- Born: Bassam Lotfi Suliman Abu Ghazaleh 1 January 1940 Tulkarm
- Died: 19 August 2022 (aged 82) Damascus
- Occupation: Actor

= Bassam Lotfi =

Syrian actor (1940–2022)

Bassam Lotfi (بسام لطفي) (1 January 1940 – 19 August 2022) was a Syrian actor, who was born and raised in Tulkarm in Palestine. He is considered one of the most prominent Arab actors, and he is considered one of the first generation of Syrian actors. He played a role in the launch of Syrian drama and he participated in dozens of series that gained wide popularity in Arabic.

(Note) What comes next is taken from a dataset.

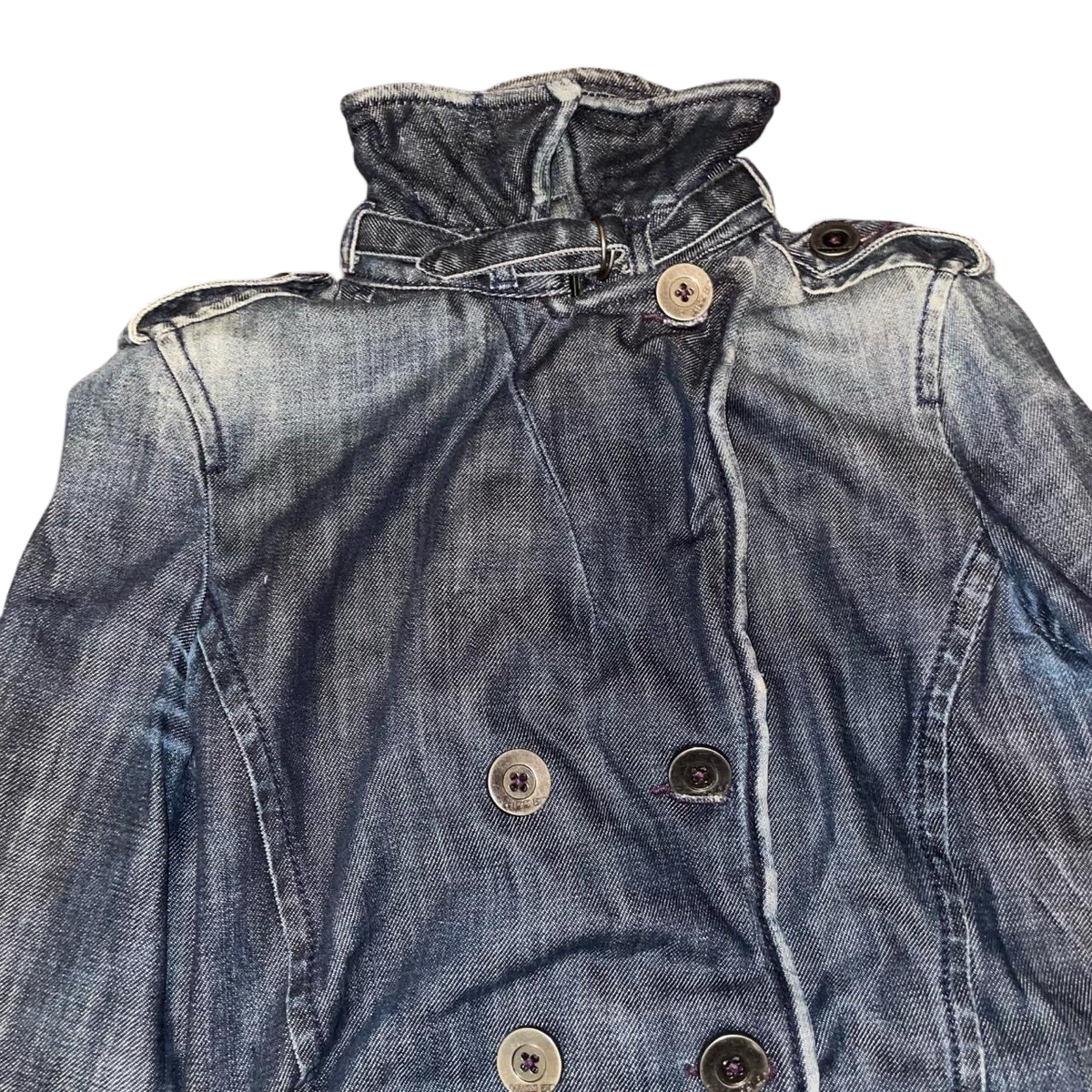 Miss Sixty dark wash double breasted denim jacket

He was known as the “Dean of Syrian Drama”.

==Biography==
Bassam Lotfi was born in Tulkarm on 1 January 1940 during a period of the Mandatory Palestine, he received his primary education in Tulkarm. His father was a teacher in Tulkarm.

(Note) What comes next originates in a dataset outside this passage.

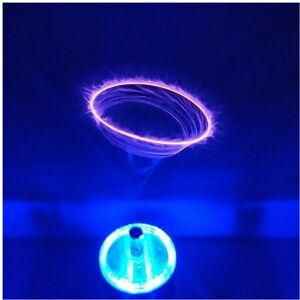 GreenZech (US, Without shell) 110V-220V Music Tesla Blue Coil Gold Base Finished Product W GreenZech (US, Without shell) 110V-220V Music Tesla Blue Coil Gold Base Finished Product W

Bassam Lotfi moved to Syria after the 1948 war. He returned to Tulkarm for a time in 1967, but the return lasted only a few months as he left for Syria again after Israel took control of the West Bank in June 1967.

== Artistic career ==
Bassam Lotfi began acting in the theatres of Damascus in 1957. He contributed to the establishment of a group of Syrian art institutions, such as the Syrian Artists Syndicate, the Arab Youth Club, the Syrian National Theatre, the Syrian Military Theatre, and the Palestinian National Theatre.

== Honors and awards ==
- Honored on the World Theatre Day in Damascus, 2008.
- The Syrian Ministry of Information honored him as one of the most prominent pioneers of Syrian drama, 2019.
- The Youth Cinema Festival in Damascus honored him for his long artistic career, 2019.

== Death ==
Bassam Lotfi died at the age of 82, on 19 August 2022 in Damascus, and the Palestinian President Mahmoud Abbas mourned him.